We are in an area of the central Barents Sea not (yet?) reached by the oil industry, but where oil slicks have consistently been identified on the sea surface from satellite images. The escape of oil through the seabed is a known natural phenomenon, and is controlled by climate and geological factors. Improving knowledge on how geological structures and seabed morphology affect hydrocarbon release here in Hopendjupet may be beneficial to better understand how some areas are more vulnerable than others to global climate warming.
André Jensen (NPD), cruise leader Monica Winsborrow and master’s student Abidemi Akinselure.
A team of CAGE scientists who visited the area a year ago reported a surprisingly high methane seepage activity. Our first priority is to have a more extensive picture of where the seepage occurs. We do so by complementing the previous sparse, but revealing, multibeam echosounder lines with the homogeneous survey of a rectangular area of over 400 square kilometres (or around 20 times the size of Tromsøya, for the connoisseurs).

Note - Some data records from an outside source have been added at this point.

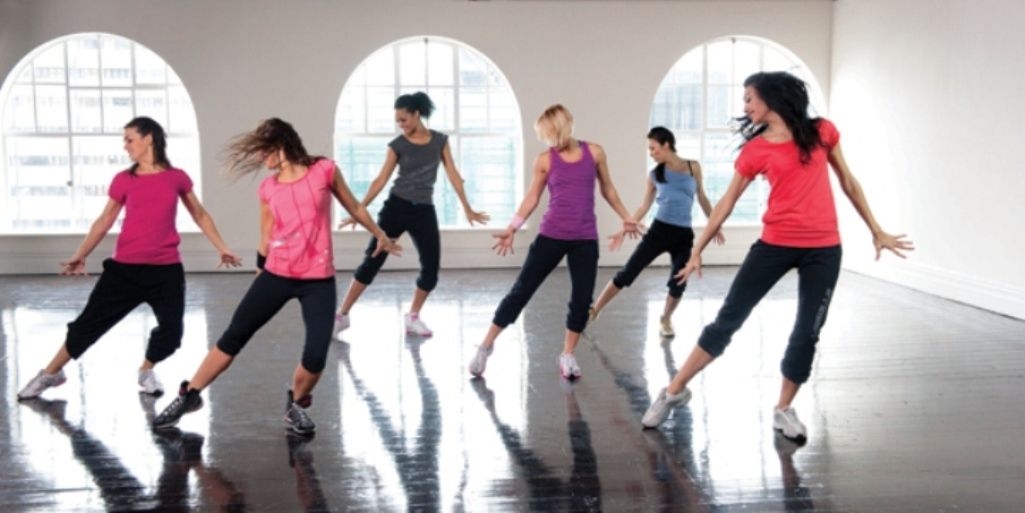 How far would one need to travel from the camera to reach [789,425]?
4.57 metres

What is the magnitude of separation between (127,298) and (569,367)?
2339mm

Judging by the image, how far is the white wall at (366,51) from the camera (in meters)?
11.0

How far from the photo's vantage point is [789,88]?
436 centimetres

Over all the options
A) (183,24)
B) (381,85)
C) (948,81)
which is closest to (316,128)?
(381,85)

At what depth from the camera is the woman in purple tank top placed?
18.1ft

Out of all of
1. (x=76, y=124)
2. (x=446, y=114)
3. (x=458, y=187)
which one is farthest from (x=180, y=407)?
(x=76, y=124)

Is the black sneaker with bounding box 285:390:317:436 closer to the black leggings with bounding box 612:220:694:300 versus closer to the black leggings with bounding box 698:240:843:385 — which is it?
the black leggings with bounding box 698:240:843:385

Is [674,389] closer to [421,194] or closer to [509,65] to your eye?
[421,194]

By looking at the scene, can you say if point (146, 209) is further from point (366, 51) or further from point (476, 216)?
point (366, 51)

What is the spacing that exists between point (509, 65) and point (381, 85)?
146cm

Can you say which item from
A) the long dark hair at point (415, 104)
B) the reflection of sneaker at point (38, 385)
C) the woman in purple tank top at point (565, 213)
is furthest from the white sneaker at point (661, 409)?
the reflection of sneaker at point (38, 385)

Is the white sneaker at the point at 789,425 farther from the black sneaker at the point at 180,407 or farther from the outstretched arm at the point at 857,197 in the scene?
the black sneaker at the point at 180,407

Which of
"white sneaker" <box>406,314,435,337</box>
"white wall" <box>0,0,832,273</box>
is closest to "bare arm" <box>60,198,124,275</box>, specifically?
Result: "white sneaker" <box>406,314,435,337</box>

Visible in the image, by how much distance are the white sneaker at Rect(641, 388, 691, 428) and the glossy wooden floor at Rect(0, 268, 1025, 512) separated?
5 cm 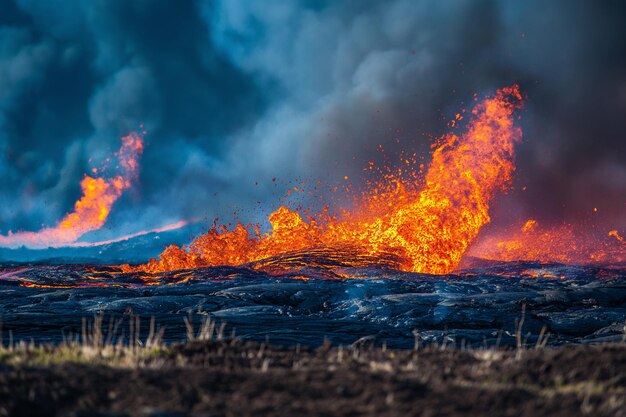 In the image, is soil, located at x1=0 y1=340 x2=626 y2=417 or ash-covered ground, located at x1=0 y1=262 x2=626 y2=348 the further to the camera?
ash-covered ground, located at x1=0 y1=262 x2=626 y2=348

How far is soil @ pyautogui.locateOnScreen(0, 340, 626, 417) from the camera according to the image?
6266 mm

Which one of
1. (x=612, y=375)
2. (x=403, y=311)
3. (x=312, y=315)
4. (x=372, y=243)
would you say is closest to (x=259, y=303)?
(x=312, y=315)

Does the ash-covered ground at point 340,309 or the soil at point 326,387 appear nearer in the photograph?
the soil at point 326,387

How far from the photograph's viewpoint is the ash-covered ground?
86.3 ft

Ship’s engineer Truls Holm.
Water depths range between 280 and 330 m, and a beautiful meltwater channel system appears below us, carved under the ice sheet that once covered the entire Barents shelf. Importantly, the multibeam data of the water column shows where the gas seeps are. Although we knew we would have found several, we remain equally amazed at the amount of seeps we encounter, in the thousands, and at the magnitude of many of them. Some may well reach the sea surface, possibly delivering methane to the atmosphere. Oil may travel upwards in the water column as a film covering the gas bubbles.